A collection of comparison-benchmarks for Nova & related Proving systems

Overview

Nova benchmarks

Here's a list of some of the benchmarks we've been taking to better understand how Nova performs vs other proof systems.

Live version: https://hackmd.io/0gVClQ9IQiSXHYAK0Up9hg?both=

NOTE: Disclaimer - these benchmarks are preliminary and should be taken with a grain of salt. Some shortcuts were taken as these were done and we want to check the correctness of these calculations before being 100% confident in them.

Recursive hashing

Recursively hashing of SHA256 $k$ times. That is, computations of the form $h(h(h(h(h(x)))))$ .

This also show how doing many recursives hashes in a single fold in Nova improves performance. That is, turning expression above into:

$$h(h(h(x))) \text{(d times)}\rightarrow h(h(h(x))) \text{(d times)} \rightarrow \dots$$

With the same number of recursive hashes, just batching more in a single fold.

Rationale: Similar to https://github.com/celer-network/zk-benchmark but doing hashing recursively to take advantage of Nova+IVC.

Code: https://github.com/privacy-scaling-explorations/nova-bench

Proving systems

Framework Arithmetization Algorithm Curve Other
Circom (snarkjs) R1CS Groth16 Pasta
Nova (seq) Relaxed R1CS Nova Pasta
Nova (par) Relaxed R1CS Nova Pasta parallel PoC
Halo2 Plonkish KZG BN254

Prover time

Powerful laptop

Hardware: Macbook Pro M1 Max (2021), 64GB memory.

k Circom Nova (total) d=1 Nova (step sum) d=1 Halo 2 (KZG)
1 0.3s 0.2s 0.1s 0.8s
10 7.3s 2.4s 1.2s 0.8s
100 62s 24s 12.5s 1.6s
1000 - 240s 125s 25s

Powerful server

Hardware: Server with 72 cores and ~350GB RAM.

k Nova d=1 Nova d=10 Nova d=100 Nova d=100 par Halo 2 (KZG)
100 19s 3.6s - - 2.5s
1000 190s 36s 26.5s 28.5s 41.6s
10000 1900s 360s 265s 226s 389.1s
100000 19000s ?

Comments

This is not completely an apples-to-apples comparison, as: (i) Circom implements the recursive hashing "in-circuit", and (ii) Halo2 uses a different aritmeitization and lookup tables with a highly optimized implementation. However, it shows how a standard operation behaves when called recursively and expressed in a (somewhat) idiomatic fashion.

Step sum is the sum of all the individual folds, i.e. it doesn't account for the witness generation etc that is done when calling create_recursive_circuit in Nova Scotia. The witness generation overhead is quite high, especially when running it in WASM (MBP M1 limitation). The step sum is the more representative metric. For Nova, we also don't count the SNARK verification part (currently done with Spartan using IPA-PC, not a huge overhead).

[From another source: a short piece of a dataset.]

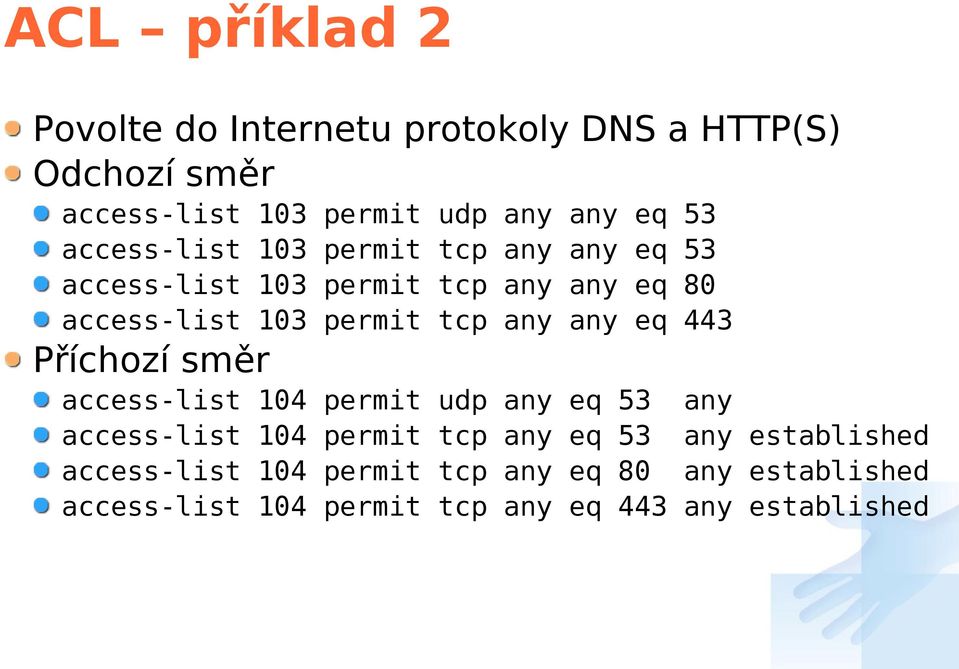 any eq 443 Příchozí směr access-list 104 permit udp any eq 53 any access-list 104 permit tcp any eq 53 any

The d parameter is how many recursive hashes we do inside each fold. For the Nova examples we use step sum.

Circom (Groth16) and Nova are run with the Pasta (Pallas/Vesta) curves and use (Relaxed) R1CS arithmetization. Halo2 (KZG) is using BN254 and Plonkish arithmetization.

Memory usage and SRS

Powerful server

Hardware: Server with 72 cores and ~350GB RAM

k Nova (seq) d=1 Halo 2 (KZG) Nova (par PoC)
100 1.6GB 3.7GB 9GB
1000 1.6GB 32GB 244GB
10000 1.6GB 245GB OOM
100000 1.6GB ? ?

Comments

For Circom, at k=100 the number of constraints is 3m, and we need 23 powers of tau or structured reference string (SRS), 2^23. This is a 9GB file and it increases linearly, quickly becomes infeasible.

For Halo2, which is Plonkish, the situation is a bit better. The SRS of Halo2 is 2^18 for k=100, 2^22 for k=1000, and 2^25 for k=10000. Because the arithmetization is more efficient, Halo2 needs a shorter SRS than Circom.

Nova, assuming it is run natively or with Circom C++ witness generator, has constant memory overhead. Note that we use Nova Scotia and Circom for writing the circuits. With d=1 we have ~30k constraints, d=10 300k constraints, etc.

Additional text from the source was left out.